My practice focuses on researching historical and contemporary narratives of stereotypes, representation, identity, and heritage through portraiture and vanitas. I make photographs referencing the long history of racial inequality while being modern in their desire to move into the future with honor and grace.
Weary from cultural negativity around Blackness, I felt called to create reverent images of people who look like me. As I began working on The Golden Age (2017), I recognized how uncomfortable I was in art spaces; that in so many non-spoken ways it was obvious we didn’t belong. This pained me as I spent hours in museums admiring the lighting in European Renaissance paintings but feeling how removed the whole experience was from my own reality.
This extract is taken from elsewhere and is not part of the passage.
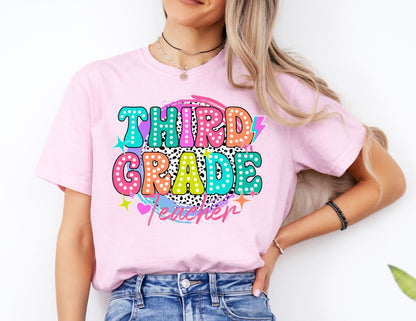 Comfort Colors Third Grade Teacher Shirt: Retro Back to School Tee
It was important to create work honoring Black culture while addressing how we’ve been mostly omitted from art history. The Harlem Renaissance was our age of enlightenment and I wanted to bring attention to the connections between the two time periods. The Dutch Renaissance arose in Haarlem, Netherlands from the Eighty Years’ War with Spain as the Harlem Renaissance was birthed from the remnants of the Civil War and Great Migration. To pay homage to Harlem Renaissance while recognizing 17th century Dutch portraiture, I named the portraits as saints with a street name or landmark from Harlem as a way to memorialize this time in the midst of gentrification (i.e. Saint Madison, Saint Monroe).
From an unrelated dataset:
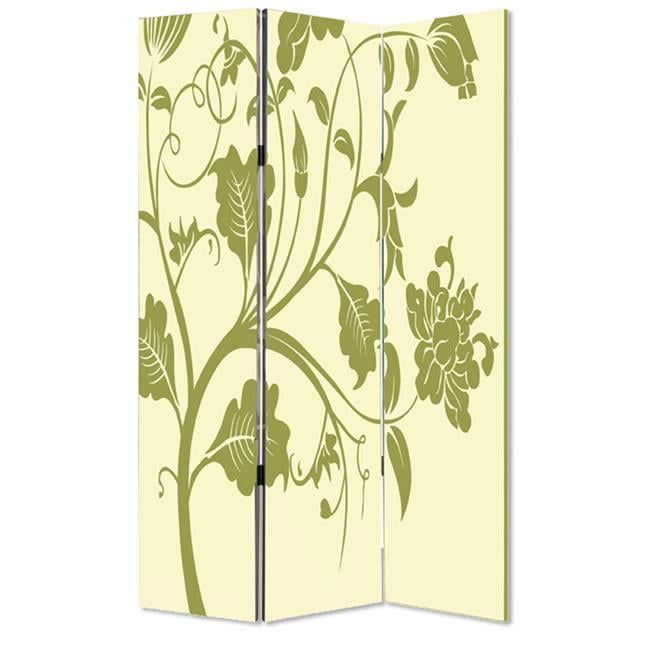 Cream and Green Floral 3-Panel Folding Room Divider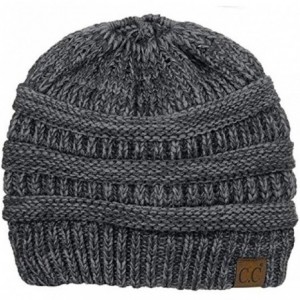 Skullies & Beanies Cable Knit Beanie Messy Bun Ponytail Warm Chunky Hat - Rust - CZ18Y6I99LN $16.41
This series is comprised of two archival pigment print sizes (24”x36” and 32”x48”) and has a hand-varnished finished. The varnish adds to the already painterly feel of the prints and allows for each print to be unique. Varnishing also allows the prints to be framed without glass lending an immediacy to the work and inviting the viewer to engage the portraits unguarded. I’m hoping the viewer will feel a sense of vulnerability when viewing these portraits.